Study of North Carolina Pre-K and Child Care Explores Community Effects, Finds Improved Reading and Math Scores

Recently published research on the community-level effects of pre-K (More at Four) and child care (Smart Start) in North Carolina finds that both programs led to increases in reading and math scores in third grade.

  • North Carolina third graders had higher reading and math scores in counties that had received more funding for Smart Start and More at Four when the children were younger.
  • The estimated effects of Smart Start and More at Four investments were equal to test score gains of about four months of third grade reading instruction and two months of math instruction.  Notably, these results are for all children in the community, not just children who participated in either early childhood program.
  • While the authors did not do a full benefit-cost analysis, they note that the benefits in math and reading gains outweighed the program costs.  The expected savings from reduced instructional costs for children whose community received Smart Start or More at Four funding was at least equal to the cost of those programs.

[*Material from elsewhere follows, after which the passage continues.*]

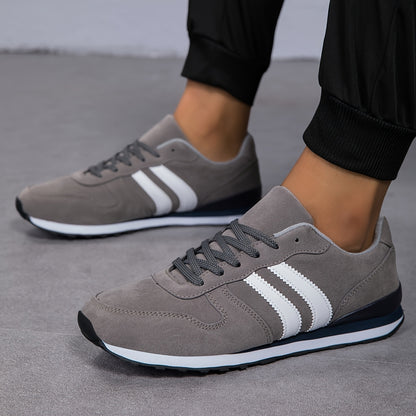 Autumn/Winter New Men's Casual Versatile Sneakers, Men's Running Shoes, Outdoor Lightweight Sneakers, Walking Shoes, Fashion Men's Shoes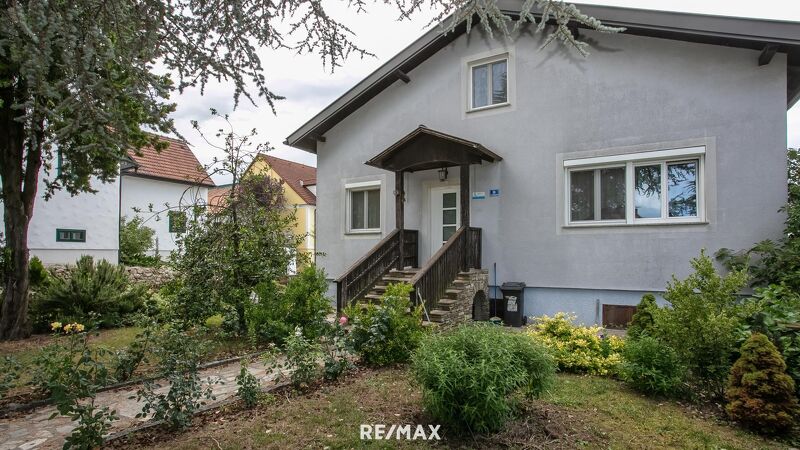 PROVISIONFREI! Viel Platz & Gartenidylle ? in Engabrunn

Community-level effects – the concept of spillover:  One really interesting aspect of this study was that the researchers assessed the outcomes of children at the county level, including children who participated in the preschool or the child care initiative as well as children who did not.  The authors note that this approach allows them to measure the potential spillover effects of the program; that is, children living in the county but not participating in the program may also be affected indirectly, by other students’ participation in the program.  In theory, spillover could be positive or negative.  Positive spillover effects could occur in the elementary school classroom, for example, with a larger proportion of classmates arriving at elementary school ready to learn, enhancing the learning environment in that classroom.

More study details:  The article by Duke University researchers Helen Ladd, Clara Muschkin, and Kenneth Dodge and published in the Winter 2014 issue of the Journal of Policy Analysis and Management, examined the effects of two North Carolina early education initiatives:  Smart Start, the comprehensive child care and community services initiative, and More at Four, the state-funded preschool initiative.  The study used county-level program spending data matched with children’s birth records for children born between 1988 and 2000 and their third grade test scores to look at changes in test scores that took place after the introduction of More At Four and Smart Start in those counties.  The differences in when counties invested in these initiatives across the state allowed the researchers to assess the impact of More At Four and Smart Start on children’s math and reading performance.  To address other potential differences over time in counties which could also affect children’s math and reading scores, the researchers included statistical controls for related variables, a common and appropriate technique.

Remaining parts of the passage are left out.